Provided data:
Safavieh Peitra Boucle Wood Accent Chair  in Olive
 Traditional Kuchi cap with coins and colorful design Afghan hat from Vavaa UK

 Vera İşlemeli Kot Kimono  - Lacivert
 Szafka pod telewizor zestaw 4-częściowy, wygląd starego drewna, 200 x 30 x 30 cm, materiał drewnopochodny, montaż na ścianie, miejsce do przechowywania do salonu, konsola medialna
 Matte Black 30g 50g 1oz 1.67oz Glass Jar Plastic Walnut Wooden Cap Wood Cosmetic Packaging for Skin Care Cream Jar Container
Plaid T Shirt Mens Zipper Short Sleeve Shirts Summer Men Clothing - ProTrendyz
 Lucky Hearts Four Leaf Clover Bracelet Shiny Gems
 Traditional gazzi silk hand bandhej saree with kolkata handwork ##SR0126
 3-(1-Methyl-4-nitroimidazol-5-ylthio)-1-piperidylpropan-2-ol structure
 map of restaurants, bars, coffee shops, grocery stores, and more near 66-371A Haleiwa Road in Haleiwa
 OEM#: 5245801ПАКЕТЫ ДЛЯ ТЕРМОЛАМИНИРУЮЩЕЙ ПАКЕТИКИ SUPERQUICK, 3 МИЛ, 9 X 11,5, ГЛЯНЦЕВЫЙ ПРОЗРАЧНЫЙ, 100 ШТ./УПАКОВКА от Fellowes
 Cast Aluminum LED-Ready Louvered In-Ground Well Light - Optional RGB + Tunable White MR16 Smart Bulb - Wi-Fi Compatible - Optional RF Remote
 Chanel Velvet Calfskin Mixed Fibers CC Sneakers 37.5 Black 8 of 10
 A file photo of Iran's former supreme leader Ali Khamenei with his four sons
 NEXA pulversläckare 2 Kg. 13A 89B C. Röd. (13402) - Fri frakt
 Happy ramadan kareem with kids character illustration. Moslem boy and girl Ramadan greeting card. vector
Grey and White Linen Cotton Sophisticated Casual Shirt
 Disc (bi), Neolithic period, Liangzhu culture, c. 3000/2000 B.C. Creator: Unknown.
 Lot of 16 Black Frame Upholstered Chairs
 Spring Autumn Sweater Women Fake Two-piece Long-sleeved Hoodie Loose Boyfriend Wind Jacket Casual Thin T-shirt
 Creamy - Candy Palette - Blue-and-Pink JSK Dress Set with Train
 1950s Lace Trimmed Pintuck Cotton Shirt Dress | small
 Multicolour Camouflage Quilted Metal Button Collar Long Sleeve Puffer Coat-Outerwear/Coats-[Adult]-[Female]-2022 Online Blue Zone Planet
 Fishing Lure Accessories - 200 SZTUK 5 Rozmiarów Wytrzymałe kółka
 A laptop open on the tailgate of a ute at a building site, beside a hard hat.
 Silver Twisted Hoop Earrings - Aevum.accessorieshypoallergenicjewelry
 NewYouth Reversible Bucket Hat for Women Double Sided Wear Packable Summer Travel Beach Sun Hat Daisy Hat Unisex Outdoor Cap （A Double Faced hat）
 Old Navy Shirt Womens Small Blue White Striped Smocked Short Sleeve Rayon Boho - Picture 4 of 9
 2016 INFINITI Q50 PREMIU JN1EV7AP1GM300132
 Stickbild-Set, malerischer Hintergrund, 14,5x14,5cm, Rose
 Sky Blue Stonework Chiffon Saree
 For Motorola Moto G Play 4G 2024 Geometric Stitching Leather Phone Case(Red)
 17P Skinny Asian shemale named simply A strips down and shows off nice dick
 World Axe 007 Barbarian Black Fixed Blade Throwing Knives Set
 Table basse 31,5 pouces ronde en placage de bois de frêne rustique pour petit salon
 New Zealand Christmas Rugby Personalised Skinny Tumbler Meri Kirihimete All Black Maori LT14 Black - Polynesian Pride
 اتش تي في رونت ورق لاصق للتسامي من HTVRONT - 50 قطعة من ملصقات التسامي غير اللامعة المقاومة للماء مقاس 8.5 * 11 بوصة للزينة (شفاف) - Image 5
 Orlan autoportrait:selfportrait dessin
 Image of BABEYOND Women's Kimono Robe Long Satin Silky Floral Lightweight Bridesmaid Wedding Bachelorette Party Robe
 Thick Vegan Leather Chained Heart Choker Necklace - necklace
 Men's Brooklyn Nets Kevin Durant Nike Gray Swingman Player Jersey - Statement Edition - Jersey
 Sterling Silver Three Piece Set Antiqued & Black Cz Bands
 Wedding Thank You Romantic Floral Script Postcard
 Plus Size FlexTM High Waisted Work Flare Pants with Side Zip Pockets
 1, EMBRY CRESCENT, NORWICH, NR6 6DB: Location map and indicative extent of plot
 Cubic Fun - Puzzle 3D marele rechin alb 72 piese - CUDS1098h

Task goal:
Count the lines in the records above that hold the word "Black", and give only that number.

Worked solution:
6